2018 Library of Virginia Awards


Last weekend I attended the Literary Awards Celebration in Richmond. The annual event, which honors authors from around the Commonwealth, included Best Intentions for recognition. My (subversive) novel had been chosen as a finalist in the People’s Choice category!


By librarians!


(As a daughter of writers I was taught to revere members of this profession as keepers of civilization.) Being included was incredible.



Poor Keith, my handsome date, took a circuitous route getting to the gala. Over our four decades together we have learned each other’s travel-related idiosyncracies.

(Like the fact that he enjoys going places and I don’t.)

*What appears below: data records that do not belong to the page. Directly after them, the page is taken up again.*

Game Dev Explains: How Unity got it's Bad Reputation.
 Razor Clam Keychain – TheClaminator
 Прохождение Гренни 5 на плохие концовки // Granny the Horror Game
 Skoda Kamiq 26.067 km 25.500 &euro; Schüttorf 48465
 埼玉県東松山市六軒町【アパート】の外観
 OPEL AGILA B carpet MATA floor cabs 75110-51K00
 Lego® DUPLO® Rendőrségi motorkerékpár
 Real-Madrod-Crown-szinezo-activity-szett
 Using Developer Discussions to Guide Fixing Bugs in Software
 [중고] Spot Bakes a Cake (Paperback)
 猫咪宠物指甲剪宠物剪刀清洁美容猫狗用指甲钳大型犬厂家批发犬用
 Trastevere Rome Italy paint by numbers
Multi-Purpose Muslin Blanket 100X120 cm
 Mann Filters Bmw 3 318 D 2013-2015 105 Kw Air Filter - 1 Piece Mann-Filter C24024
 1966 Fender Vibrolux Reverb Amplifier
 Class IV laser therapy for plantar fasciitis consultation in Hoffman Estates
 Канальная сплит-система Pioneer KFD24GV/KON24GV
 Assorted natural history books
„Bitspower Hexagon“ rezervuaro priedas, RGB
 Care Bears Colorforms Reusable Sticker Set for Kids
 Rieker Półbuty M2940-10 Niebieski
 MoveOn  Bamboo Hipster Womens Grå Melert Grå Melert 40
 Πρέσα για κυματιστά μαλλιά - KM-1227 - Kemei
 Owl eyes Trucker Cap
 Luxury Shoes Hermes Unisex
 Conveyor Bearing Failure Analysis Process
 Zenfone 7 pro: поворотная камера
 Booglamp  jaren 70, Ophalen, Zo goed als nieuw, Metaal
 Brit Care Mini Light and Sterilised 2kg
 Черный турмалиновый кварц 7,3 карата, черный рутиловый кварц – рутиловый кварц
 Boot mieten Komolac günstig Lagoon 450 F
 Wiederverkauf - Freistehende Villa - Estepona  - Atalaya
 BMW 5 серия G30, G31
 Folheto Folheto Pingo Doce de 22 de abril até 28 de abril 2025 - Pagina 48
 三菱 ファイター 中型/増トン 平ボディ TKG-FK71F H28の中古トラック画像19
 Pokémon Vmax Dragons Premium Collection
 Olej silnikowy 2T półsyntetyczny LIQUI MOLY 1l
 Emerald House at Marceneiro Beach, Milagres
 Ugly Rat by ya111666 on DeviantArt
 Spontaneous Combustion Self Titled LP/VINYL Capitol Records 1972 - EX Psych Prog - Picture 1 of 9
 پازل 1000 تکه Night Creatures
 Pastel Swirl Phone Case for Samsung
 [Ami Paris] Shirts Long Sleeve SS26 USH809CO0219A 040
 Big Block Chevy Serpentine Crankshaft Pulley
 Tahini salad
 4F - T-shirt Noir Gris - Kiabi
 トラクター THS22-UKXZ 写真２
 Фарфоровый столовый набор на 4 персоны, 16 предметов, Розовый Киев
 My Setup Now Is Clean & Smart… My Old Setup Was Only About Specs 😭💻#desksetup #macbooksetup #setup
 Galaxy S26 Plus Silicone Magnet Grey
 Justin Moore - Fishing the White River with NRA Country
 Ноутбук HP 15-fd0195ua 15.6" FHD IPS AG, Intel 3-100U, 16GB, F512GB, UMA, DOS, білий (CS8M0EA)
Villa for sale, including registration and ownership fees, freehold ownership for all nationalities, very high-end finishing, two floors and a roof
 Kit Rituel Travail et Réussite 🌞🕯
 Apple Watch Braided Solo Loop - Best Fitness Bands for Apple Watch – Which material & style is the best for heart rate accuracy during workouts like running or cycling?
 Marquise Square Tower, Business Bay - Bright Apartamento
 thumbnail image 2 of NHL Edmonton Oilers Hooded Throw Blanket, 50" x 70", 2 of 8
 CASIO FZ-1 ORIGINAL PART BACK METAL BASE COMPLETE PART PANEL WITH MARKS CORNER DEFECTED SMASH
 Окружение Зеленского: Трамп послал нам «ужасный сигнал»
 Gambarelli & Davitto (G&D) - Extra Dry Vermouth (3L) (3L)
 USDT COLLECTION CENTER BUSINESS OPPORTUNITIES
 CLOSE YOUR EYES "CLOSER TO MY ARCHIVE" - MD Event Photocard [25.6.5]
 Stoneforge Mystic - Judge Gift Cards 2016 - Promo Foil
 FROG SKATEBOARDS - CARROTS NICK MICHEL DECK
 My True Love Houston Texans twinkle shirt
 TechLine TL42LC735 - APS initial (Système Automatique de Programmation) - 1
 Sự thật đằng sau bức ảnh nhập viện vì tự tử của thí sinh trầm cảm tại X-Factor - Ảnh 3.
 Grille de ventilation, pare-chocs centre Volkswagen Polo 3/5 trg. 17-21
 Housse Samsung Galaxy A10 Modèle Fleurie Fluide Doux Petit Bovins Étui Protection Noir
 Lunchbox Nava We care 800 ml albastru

Also, Keith is uber-organzied in the packing department. He folds, rolls and uses checklists. I’ve been known to forget my Epi-pen, shoes and underpants. So it was no great surprise that I’d neglected to bring a hairbrush.


What was different this time was that after my spouse delivered his usual acerbic response when queried about the availability of his comb, he uncharacteristically freaked. He’d just discovered his tuxedo shirt was hanging in the closet. Back in Charlottesville. While part of me was doing an invisible nenenenebooboo dance, the other part realized that my long-time escort was going to be playing a game of black-tie-beat-the-clock in a foreign city while I would be attending the cocktail part of the festivities, alone. For those who don’t know me, I’d rather have a cavity packed with aluminum foil than make small talk. It’s the social equivalent of listening to a barbershop quartet sing polka.


Also, when people ask me what my book is about, I forget.


We were stuck in traffic for an hour trying to get to the hotel. When we finally got to the front of the line we figured the naked emperor had lent Pence his ride.

But I manned up and (slowly) tottered to the gala in spike heels while my spouse called a Lyft, reversed the slow crawl we’d just made into town (traffic was snarled by the motorcade of a visiting VP Pence) and went to Men’s Warehouse where a forewarned Bob had the right shirt waiting at the cash register, then Keith turned back around in the same hired car and somehow defied the (already suspect) distance/speed/time formula to make it to the library for a comfortably-nursed scotch before dinner.


(After getting his drink he found me in a real conversation with a warm and interesting couple who’d prevented me from ducking behind a bookshelf.)


Our table was a lot of fun, too. Larry, my seatmate, and I discovered a shared passion for John Irving and recited favorite lines from The World According to Garp and The Hotel New Hampshire.


(We both particularly love “sorrow floats.”)


The literary prizes were announced during dessert. The one that Best Intentions was up for went to the unbelievably gracious Brad Parks for Say Nothing. He acknowledged the other nominees in such a lovely way I wanted to go back and change my vote — from my book to his.


Adriana Trigiani and Susan Orlean both gave impassioned remarks in support of the written word — and the institutions that contain them. Though not mentioned overtly, there was a distinct current of unease (something John Irving would call ‘the under toad’) passing through the room.


President Trump’s ongoing assault on democracy and decency includes public libraries. He wants to slash funding for these community pillars — places where Americans go for free truth and literature and art and science. One of the speakers at the ceremony quoted the famous line, “Where they burn books, they will, in the end, burn human beings too.”